Reputation: 379
I have a problem understanding why my custom RMSE loss function comes out the same value as MAE.
I have a model which I train once with loss='mae' and once with a custom function:
def root_mean_squared_error(y_true, y_pred):
return keras.sqrt(keras.mean(keras.square(y_pred - y_true),axis=-1))

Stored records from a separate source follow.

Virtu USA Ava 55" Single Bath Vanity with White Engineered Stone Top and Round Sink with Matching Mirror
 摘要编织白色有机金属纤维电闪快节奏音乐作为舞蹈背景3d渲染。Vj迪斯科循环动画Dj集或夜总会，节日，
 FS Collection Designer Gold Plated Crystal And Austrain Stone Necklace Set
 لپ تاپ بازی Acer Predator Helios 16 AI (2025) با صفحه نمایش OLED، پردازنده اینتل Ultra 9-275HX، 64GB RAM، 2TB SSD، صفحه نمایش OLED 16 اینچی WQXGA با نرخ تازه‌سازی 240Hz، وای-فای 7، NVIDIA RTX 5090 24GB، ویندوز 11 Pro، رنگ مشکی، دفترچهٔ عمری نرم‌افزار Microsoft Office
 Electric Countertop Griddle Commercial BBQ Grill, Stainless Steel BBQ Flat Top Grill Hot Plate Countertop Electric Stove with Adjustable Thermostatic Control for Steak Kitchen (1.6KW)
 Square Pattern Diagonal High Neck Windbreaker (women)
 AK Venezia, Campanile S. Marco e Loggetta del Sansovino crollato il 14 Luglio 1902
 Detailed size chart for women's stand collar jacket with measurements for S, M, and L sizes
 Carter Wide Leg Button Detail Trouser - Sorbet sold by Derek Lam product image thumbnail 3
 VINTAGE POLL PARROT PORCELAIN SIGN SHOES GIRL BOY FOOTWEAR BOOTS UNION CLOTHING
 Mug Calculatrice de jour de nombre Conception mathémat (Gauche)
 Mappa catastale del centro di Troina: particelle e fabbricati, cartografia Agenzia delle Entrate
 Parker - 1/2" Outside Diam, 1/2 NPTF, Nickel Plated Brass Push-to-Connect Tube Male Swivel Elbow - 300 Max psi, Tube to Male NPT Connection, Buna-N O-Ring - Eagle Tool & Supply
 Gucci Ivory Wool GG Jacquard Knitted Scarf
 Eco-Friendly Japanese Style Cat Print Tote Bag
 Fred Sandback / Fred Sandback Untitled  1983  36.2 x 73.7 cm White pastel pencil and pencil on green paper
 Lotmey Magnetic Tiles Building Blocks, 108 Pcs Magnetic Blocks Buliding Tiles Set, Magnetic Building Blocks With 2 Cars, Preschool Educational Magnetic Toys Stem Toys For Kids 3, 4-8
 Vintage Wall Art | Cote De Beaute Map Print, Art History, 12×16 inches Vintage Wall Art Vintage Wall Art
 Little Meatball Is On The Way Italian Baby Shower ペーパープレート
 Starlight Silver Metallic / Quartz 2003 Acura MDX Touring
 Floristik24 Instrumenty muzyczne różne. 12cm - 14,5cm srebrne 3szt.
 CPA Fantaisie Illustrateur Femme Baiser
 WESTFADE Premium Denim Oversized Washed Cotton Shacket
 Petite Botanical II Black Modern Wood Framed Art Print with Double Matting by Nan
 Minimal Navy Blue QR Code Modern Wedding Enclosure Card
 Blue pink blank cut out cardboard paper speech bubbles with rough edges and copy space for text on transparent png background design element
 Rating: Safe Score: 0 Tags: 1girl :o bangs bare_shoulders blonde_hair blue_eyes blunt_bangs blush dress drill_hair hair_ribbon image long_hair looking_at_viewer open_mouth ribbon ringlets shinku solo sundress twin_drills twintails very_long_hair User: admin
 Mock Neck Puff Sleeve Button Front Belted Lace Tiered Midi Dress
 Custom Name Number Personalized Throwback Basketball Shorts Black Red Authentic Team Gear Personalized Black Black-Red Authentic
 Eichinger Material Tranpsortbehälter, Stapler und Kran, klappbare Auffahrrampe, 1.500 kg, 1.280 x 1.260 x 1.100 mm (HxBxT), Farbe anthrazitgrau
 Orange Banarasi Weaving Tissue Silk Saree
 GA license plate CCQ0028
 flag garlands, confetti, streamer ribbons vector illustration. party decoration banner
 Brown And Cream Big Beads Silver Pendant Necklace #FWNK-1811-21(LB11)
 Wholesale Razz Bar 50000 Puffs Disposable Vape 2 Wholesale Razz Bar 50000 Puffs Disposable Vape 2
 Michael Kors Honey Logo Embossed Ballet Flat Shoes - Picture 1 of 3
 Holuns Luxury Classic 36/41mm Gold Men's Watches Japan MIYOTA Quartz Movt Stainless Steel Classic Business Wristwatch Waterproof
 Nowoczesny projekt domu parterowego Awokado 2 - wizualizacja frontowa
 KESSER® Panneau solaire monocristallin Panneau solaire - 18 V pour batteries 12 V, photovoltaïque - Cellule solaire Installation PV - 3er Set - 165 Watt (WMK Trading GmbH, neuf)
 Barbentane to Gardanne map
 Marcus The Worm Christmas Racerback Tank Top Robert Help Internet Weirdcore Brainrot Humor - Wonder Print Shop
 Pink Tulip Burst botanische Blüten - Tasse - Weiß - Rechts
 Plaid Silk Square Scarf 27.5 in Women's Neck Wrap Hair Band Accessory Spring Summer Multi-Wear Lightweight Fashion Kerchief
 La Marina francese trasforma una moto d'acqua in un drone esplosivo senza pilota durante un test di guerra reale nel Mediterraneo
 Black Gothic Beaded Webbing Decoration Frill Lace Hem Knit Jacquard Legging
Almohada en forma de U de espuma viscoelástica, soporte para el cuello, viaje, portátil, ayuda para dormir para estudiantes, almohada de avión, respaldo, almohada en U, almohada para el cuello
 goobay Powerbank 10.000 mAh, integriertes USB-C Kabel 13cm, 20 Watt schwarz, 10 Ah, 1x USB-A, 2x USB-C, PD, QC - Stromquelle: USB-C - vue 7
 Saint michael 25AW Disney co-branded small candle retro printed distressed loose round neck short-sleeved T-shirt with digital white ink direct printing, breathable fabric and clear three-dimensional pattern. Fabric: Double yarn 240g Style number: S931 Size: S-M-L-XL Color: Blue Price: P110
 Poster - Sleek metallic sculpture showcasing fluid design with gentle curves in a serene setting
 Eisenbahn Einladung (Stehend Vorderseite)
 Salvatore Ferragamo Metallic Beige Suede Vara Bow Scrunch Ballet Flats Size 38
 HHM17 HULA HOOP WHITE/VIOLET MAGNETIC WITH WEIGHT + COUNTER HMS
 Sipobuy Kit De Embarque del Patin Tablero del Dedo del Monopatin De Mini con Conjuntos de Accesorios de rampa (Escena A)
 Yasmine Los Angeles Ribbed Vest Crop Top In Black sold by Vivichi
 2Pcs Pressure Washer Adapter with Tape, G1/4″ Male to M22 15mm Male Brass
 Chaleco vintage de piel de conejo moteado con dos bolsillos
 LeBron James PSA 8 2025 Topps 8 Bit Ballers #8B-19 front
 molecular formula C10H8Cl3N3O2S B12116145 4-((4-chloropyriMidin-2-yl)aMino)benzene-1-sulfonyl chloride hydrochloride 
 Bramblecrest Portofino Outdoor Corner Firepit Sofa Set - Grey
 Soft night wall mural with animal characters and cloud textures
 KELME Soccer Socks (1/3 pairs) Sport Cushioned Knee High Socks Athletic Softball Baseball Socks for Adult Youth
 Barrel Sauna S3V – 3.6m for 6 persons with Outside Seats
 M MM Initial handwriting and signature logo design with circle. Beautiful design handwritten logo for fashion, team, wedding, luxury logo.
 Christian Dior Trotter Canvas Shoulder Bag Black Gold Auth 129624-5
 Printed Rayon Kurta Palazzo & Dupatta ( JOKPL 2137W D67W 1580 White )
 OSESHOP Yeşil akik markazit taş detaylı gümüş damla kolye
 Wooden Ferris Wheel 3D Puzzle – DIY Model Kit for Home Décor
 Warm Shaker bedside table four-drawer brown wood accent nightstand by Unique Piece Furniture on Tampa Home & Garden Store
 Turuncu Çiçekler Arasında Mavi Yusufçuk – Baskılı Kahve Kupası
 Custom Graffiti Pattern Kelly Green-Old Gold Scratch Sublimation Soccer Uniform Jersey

(I know there is no actual benefit in doing the sqrt, but just to get a grasp on things I did it). My problem is that when I use the custom function, the output I get shows that the loss value is equal to the MAE. For example, here is an exemplary output:
/1 [==============================] - 0s 173ms/step - loss: 0.0450 - mean_squared_error: 0.0091 - mean_absolute_error: 0.0450 Epoch 96/100 1/1 [==============================] - 0s 169ms/step - loss: 0.0449 - mean_squared_error: 0.0091 - mean_absolute_error: 0.0449 Epoch 97/100 1/1 [==============================] - 0s 172ms/step - loss: 0.0448 - mean_squared_error: 0.0091 - mean_absolute_error: 0.0448 Epoch 98/100 1/1 [==============================] - 0s 166ms/step - loss: 0.0447 - mean_squared_error: 0.0091 - mean_absolute_error: 0.0447 Epoch 99/100 1/1 [==============================] - 0s 170ms/step - loss: 0.0447 - mean_squared_error: 0.0091 - mean_absolute_error: 0.0447
MAE should not be the same as RMSE. Another strange thing is that I expected RMSE to be the sqrt(MSE), but from the numbers seen above, its not.
Although it doesn't add more info, here is my compile line:
model.compile(optimizer = Adam(lr = 1e-4), loss = root_mean_squared_error, metrics=['mse', 'mae'])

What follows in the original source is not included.